Invitations were printed and mailed, a menu of appropriate nibbles were prepared (pigs in a blanket among them) and the house was prepared for the signing. One hour before the party was to start, the ‘Wizard of the West’ arrived. He was tall and gangly; looking every inch the part, while his rather twitchy wife wore boots, jeans and a red, fringed western shirt. As he pulled the car around to unload his gear she quietly confided in me, “I hope this works out alright, we haven’t practiced in a while”. The party hadn’t even started and already the evening was getting interesting.

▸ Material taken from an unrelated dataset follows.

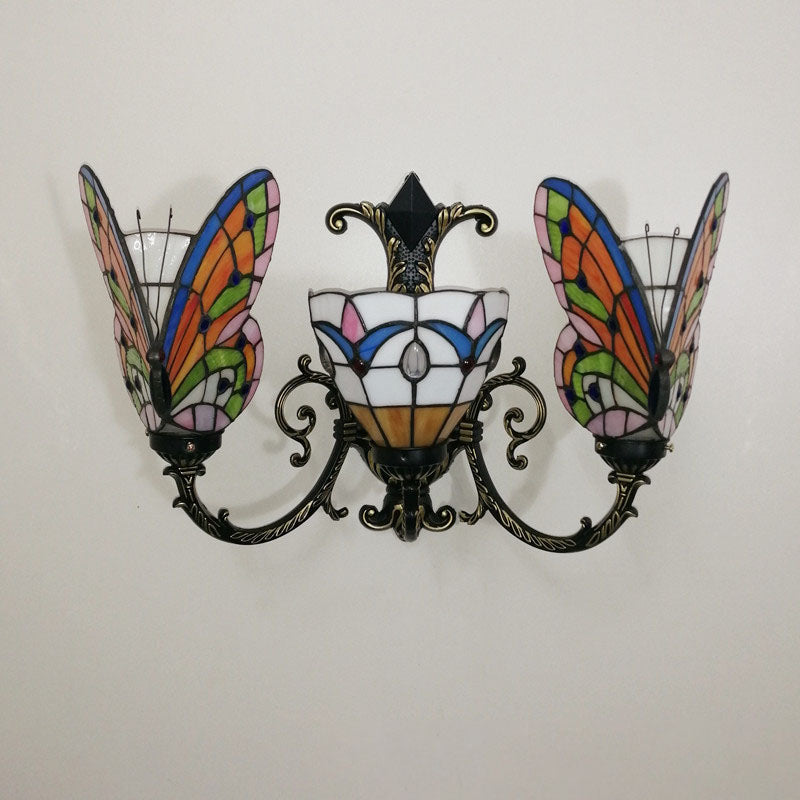 Traditional Tiffany European Butterfly Alloy Iron Glass 3-Light Wall Sconce Lamp For Hallway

He unloaded a painted plywood panel with the outline of a young filly, and then took out his knives. Now, I don’t know what I was expecting, but it certainly wasn’t a set of 16″ steel knives. The panel was set up in the living room next to my gilded Italian console table. He was clearly the strong silent type, but he did manage to mutter, “Wull, I’ve never dun this before… doin’ my act in someone’s front room!”. At that he flung a knife across the room so it struck the board with a surprisingly loud “THUUUNK” and then vibrated in its perpendicular position. The next one he threw hit the board but didn’t connect, instead it rick-o-shayed across the Persian carpet and slid under the Fortuny-covered sofa. The hair on the back of my neck stood up, just a tad.
Ronnie Claire (not knowing about the entertainment) arrived dressed in head-to-toe red. I later learned that many knife-thrower’s assistants wear red, you know, in case the act doesn’t go “as planned”. I hid the Wizards of the West in another room and threw an elegant cloth over the knife-pricked panel. In short order the living room was filled with 75 guests as our author happily signed books. We then introduced her to the hushed crowd and she read a very entertaining excerpt, setting up our surprise perfectly. After her ovation we brought in the Wizard and his jumpy assistant, then unveiled the brightly painted board.
Given the elegant furniture of the living room, an actual circus act was the last thing anyone expected. The assistant took her place, as did the knife thrower. Guests close to the action started to wonder if perhaps they should re-evaluate their positions. When the cowboy unwrapped his collection of steel knives things got very quiet.
THWACK! went the first knife, popping a balloon held by our brave assistant as the guests backed up ever so slightly. SMACK! went the next as it skittled across the floor in the direction of the increasingly cowering crowd. Soon enough our guests were plastered against the tapestries on the far wall. Meanwhile the brave assistant remained composed, holding a very coy pose that seemed to suit her.
After the first round was done the audience burst into applause, mostly out of relief that no blood was spilled. But after disengaging the knives the assistant took her place once again. This time the Wizard unrolled newspapers that had been taped together to create an enormous sheet. He unfurled it to completely cover his trusting wife as she stood with her back against the board.
Behind the paper she quietly stood, not making even the slightest rustle. Quiet gasps escaped the nervous crowd as it prepared from the onslaught by cowering further into the corners of the room. Thwack! Thwack! Thwack!!! As the knives ripped through the newspaper they created a vibrating frame around the bravest person in the room. When the last knife put an exclamation point on the dotted line around her, the knife-thrower’s assistant broke through the paper in triumph, joining the Wizard of the West for a well-deserved bow.
The audience broke into screams of relief and admiration, while I said a silent prayer of thanks for not having to call 911.
So what’s the moral of the story? If you feel winter doldrums creeping in, or just need a little excitement in your life, you may not need to hire a circus act, but you could think of different ways to spark up your next dinner or cocktail party. After all, life is short, and if a knife thrower’s assistant can survive 50 years of being a moving target, you can certainly take a tiny risk and have some friends over for a good, old fashioned PARTY.